The news: Public responses are in for the Consumer Financial Protection Bureau’s (CFPB’s) request for comment as it prepares to revise its open banking rule. The revision comes as a result of the Trump administration's rollback of Biden-era rules, which has once again shaken up a decade-long debate.
How we got here: The supposed final open banking rule was entered into the Federal Register by the Biden administration’s CFPB in October 2024. That rule was highly favorable to the fintech industry and left bankers irked. Reopening the debate has given the banking industry a chance to make its case to a more receptive audience.
Banks haven’t waited for new rulemaking to take an aggressive stance. When the CFPB first threatened to rescind the rule, JPMorgan Chase announced that it would charge for access to its customers' bank account data. Payment companies faced higher fees. JPMorgan and Plaid later announced an agreement where Plaid would pay for that access.

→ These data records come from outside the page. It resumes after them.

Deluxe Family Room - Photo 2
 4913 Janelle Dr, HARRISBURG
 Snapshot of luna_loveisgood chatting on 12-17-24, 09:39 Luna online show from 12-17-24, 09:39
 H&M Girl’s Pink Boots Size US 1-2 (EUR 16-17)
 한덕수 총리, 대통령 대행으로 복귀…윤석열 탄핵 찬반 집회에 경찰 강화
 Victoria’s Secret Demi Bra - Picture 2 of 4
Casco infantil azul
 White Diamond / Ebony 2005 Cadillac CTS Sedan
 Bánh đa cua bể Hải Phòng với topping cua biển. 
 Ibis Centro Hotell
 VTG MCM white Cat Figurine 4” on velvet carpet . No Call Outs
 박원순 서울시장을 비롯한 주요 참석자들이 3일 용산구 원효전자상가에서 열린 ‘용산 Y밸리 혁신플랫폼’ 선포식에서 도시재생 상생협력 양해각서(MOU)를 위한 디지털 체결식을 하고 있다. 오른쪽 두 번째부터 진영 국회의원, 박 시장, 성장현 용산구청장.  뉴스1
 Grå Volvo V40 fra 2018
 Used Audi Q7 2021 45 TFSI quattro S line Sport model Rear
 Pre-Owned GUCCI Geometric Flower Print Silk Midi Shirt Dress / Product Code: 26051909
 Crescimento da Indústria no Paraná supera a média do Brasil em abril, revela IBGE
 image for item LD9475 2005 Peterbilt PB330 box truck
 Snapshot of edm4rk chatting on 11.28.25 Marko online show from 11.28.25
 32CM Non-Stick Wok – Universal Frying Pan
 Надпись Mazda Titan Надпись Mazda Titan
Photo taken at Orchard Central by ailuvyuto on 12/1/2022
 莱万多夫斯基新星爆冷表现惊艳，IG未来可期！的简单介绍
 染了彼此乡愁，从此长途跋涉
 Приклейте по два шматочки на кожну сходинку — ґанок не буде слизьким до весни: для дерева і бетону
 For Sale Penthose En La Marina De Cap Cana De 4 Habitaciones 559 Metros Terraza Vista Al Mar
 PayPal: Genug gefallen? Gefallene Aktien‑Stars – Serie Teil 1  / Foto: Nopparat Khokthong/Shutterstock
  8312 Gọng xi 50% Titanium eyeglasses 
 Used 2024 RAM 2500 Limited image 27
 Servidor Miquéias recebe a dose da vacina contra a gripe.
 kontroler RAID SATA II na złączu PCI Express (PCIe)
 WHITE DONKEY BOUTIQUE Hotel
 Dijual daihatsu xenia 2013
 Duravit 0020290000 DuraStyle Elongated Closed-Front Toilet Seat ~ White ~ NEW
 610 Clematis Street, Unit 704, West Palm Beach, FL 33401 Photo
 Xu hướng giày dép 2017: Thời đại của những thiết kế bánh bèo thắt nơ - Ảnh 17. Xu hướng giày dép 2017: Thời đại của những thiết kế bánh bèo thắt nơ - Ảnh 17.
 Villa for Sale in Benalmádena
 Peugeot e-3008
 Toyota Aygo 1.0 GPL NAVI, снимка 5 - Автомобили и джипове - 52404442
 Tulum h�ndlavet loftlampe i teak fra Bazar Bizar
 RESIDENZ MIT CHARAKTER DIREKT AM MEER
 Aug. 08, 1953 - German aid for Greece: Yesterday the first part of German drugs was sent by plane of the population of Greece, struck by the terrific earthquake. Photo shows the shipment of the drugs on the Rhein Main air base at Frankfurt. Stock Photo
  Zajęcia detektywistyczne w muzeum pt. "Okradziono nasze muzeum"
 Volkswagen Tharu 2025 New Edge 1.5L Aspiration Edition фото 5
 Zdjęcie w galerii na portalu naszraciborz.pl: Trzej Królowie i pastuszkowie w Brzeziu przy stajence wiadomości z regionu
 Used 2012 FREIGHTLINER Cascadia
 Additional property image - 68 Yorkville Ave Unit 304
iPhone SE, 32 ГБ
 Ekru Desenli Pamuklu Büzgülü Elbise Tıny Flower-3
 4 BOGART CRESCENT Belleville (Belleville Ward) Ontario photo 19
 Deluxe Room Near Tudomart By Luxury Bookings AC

Bank reactions: The Bank Policy Institute, whose views are a proxy for the banking industry, had a number of complaints about prior versions of the open banking rule that it wants the CFPB to address in its revision. It argues:
- Fintechs should not be allowed to access bank data just because a consumer grants them the authority.
- The CFPB can’t prohibit banks from charging fees for access to consumers’ banking information.
- The original rule exposed banks and consumers to too much risk.
- A private marketplace for open banking already exists in the US, and there’s no need for a government solution.
Our take: Banks have good reasons to be upset with the original rule and are using this rulemaking opportunity to relitigate the issues they lost on. Their less fintech-friendly angle risks rupturing industry relationships that were crucial to the private-sector solution. However, it gives them a defensive posture to protect what they see as their business interests under threat.